Dans cette plaquette qui se lit en deux heures (une heure si l'on est pressé par l'angoisse de l'Apocalypse imminente), l'historien Timothy Snyder, professeur à l'Université Yale et spécialiste du vingtième siècle européen, met ses compatriotes Américains en garde contre ce qu'il considère à juste titre comme la menace d'une pré-tyrannie montante.
"Post-vérité égale pré-fascisme." (2)
Au fil de 20 courtes leçons aux titres aussi évocateurs que "Do not obey in advance" ("N'obéissez pas à l'avance") et "Be as courageous as you can" ("Soyez aussi braves que possible"), Snyder trace des parallèles entre la situation politique actuelle aux États-Unis et l'échec de certaines des démocraties nées après les deux guerres mondiales ou après la chute de l'Union Soviétique. Dénigrement des institutions. Effacement de la frontière entre la vie privée et la sphère publique. Affaiblissement de la presse au profit de la propagande. Pour y répondre, Snyder invite notamment les citoyens à "pratiquer la politique du corps" en protestant en personne, sur la place publique, pour soutenir les institutions qui protègent la démocratie, et à rejeter l'intrusion de l'État dans leurs vies privées. (Plus tôt cette semaine, l'empressement d'une certaine presse à fouiller dans le passé d'un passager expulsé brutalement d'un avion de United Airlines par la police soulignait à traits rouges les dangers de la complaisance, voire de l'apologie, envers ce genre d'abus.)

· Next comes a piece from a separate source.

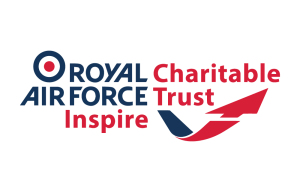 royal air force charitable trust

L'analyse la plus intéressante offerte par Snyder se retrouve peut-être dans l'épilogue du livre, où l'auteur décrit ce qu'il appelle le risque du passage d'une politique de l'inévitabilité à une politique de l'éternité. Par "politique de l'inévitabilité", Snyder fait référence à la pensée positiviste selon laquelle l'histoire consiste en une longue marche vers la démocratie libérale, sans retour en arrière possible. Lorsque cette foi en la marche du progrès est secouée (on peut ici faire appel aux traumatismes récents de la montée du terrorisme et de la crise financière de 2008), il peut être tentant de chercher à remonter le temps jusqu'à un passé idéalisé sur lequel se replier pour y rester éternellement. Snyder voit dans cette tentation du mythe la source du Brexit, du Trumpisme et de la montée du Front national en France:
"Le chemin le plus court mène directement de l'inévitabilité à l'éternité. Si vous avez déjà cru que tout finissait toujours bien, vous pouvez être persuadé que rien ne finit jamais bien." (3)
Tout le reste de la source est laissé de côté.